- Native name: 宮部継潤
- Born: 1528 Ōmi Province
- Died: April 20, 1599 (aged 70–71) Inaba Province
- Allegiance: Azai clan Oda clan Toyotomi clan
- Rank: Sōhei
- Commands: Miyabe Castle Tottori Castle
- Conflicts: Battle of Norada (1560) Siege of Kanegasaki (1570) Battle of Anegawa (1570) Siege of Odani Castle (1573) Kyushu Campaign (1587)
- Children: Miyabe Nagafusa

= Miyabe Keijun =

Japanese samurai

Miyabe Keijun (宮部継潤) He was a Tendai monk from Mount Hiei in western Japan and Azai clan retainer. He was the father of Miyabe Nagafusa and became a reputable administrator under Toyotomi Hideyoshi during the latter half of the Sengoku period of feudal Japan. His name could also be read as Miyabe Tsugimasu.
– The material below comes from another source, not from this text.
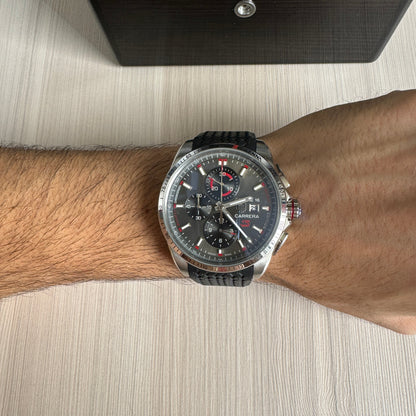 TAG HEUER SENNA CALIBRE 16 PRATA CINZA 45MM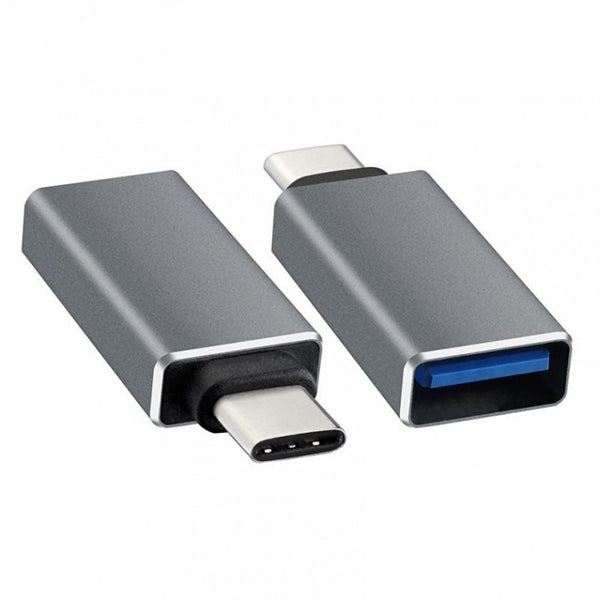 Conqueror Electronics Accessories Silver / Brand New Plug USB Type C to USB 3.0 Male to Female - P248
Keijun received Miyabe Castle from Azai Nagamasa when he gave his support to the Azai clan. Fighting against the Oda clan during the Battle of Anegawa in 1570, Nagamasa and his counterpart Asakura Yoshikage were defeated, prompting Keijun to distrust his lord's ability, but not to the point in which he was willing to defect.

In 1573, Oda Nobunaga laid siege to the Azai clan's Sawayama Castle, which was held by Isono Kazumasa. The castle fell after a siege that lasted over three months. In response, Nagamasa took Kazumasa's elderly mother, who he held hostage in Odani Castle, to the execution grounds for death. Keijun became enraged at the backstabbing qualities of Nagamasa, he and Kazumasa defected to Nobunaga and assisted him in the downfall of the Azai.

As both Nagamasa and the Azai were entirely put into extinction after his defection, Keijun served under Nobunaga until the latter's death in 1582, at which time he then came to serve Toyotomi Hideyoshi, largely assisting him by means of administration and agricultural production.
He supporting Hideyoshi by additionally taking part in the Kyūshū Campaign of 1587, Keijun fought in the majority of the battles and observed other conflicts—such as the Toyotomi attack upon Hyūga Province's Taka Castle.

Continuing his prowess in both Toyotomi agriculture and administration, throughout the years that passed, Hideyoshi rewarded Keijun with Tottori Castle of Inaba Province, which he passed on to his son in 1596, and retired from service as a Toyotomi administrator.